BEGIN AVAILABLE DATA

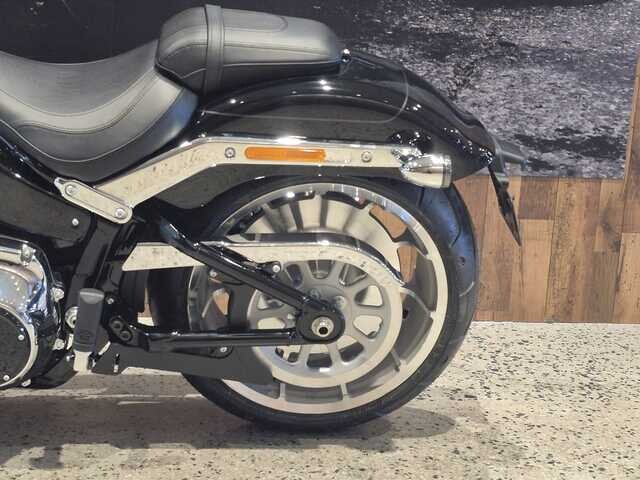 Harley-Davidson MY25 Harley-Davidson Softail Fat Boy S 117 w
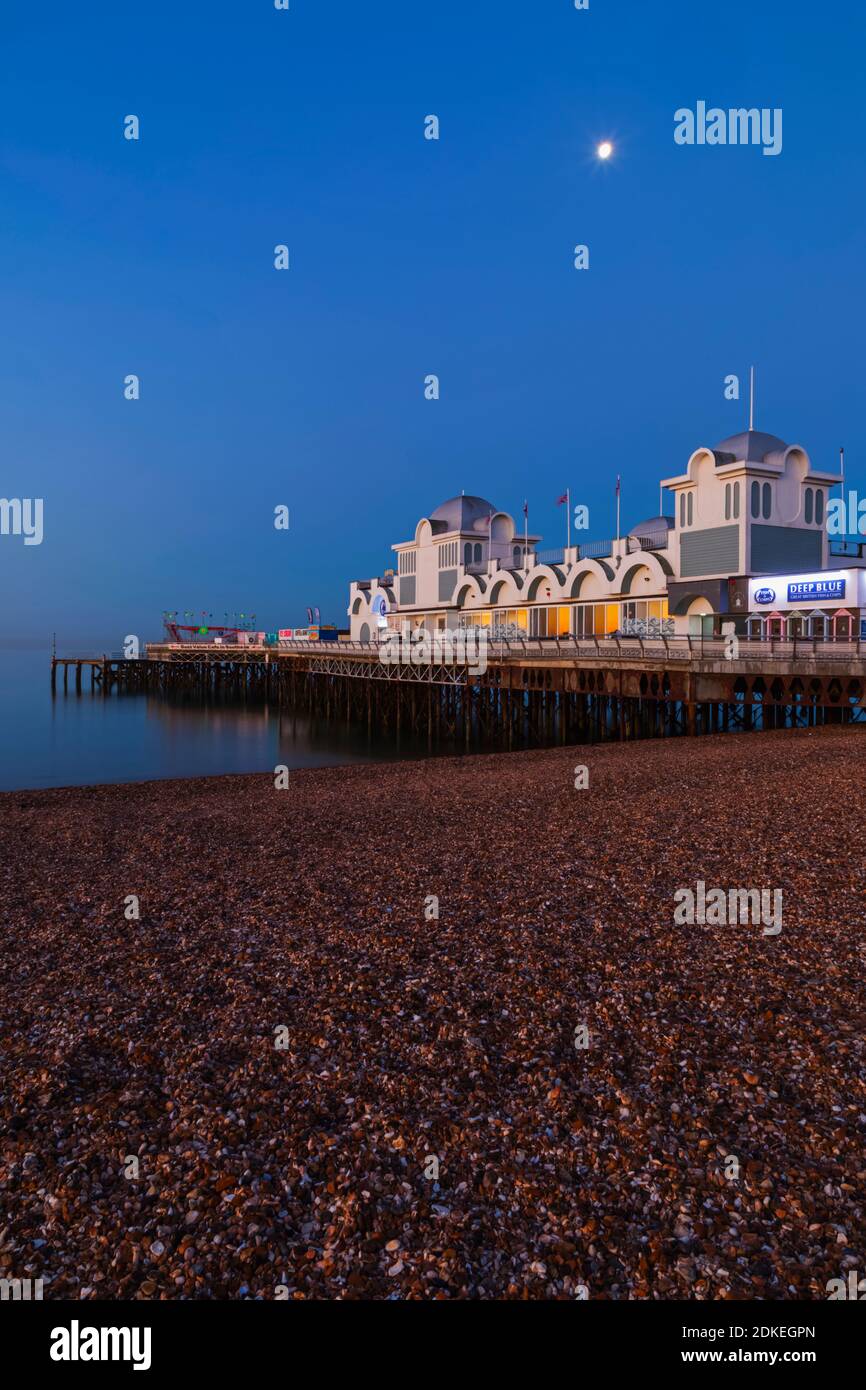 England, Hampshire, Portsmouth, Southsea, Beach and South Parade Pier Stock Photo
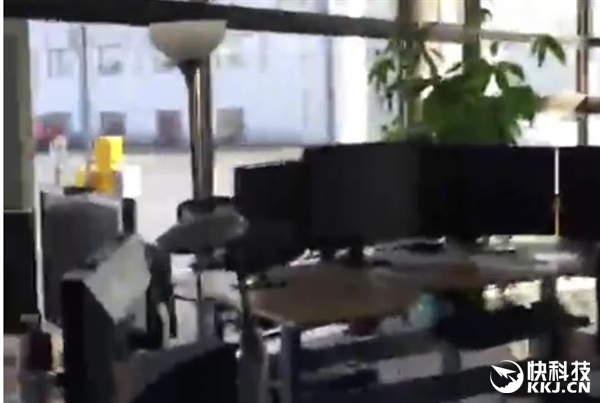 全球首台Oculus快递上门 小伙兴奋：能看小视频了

END AVAILABLE DATA

THE PROBLEM
Please repeat the listing above word for word, with the pictures removed.

EXERCISE SOLUTION
 Harley-Davidson MY25 Harley-Davidson Softail Fat Boy S 117 w
 England, Hampshire, Portsmouth, Southsea, Beach and South Parade Pier Stock Photo
 全球首台Oculus快递上门 小伙兴奋：能看小视频了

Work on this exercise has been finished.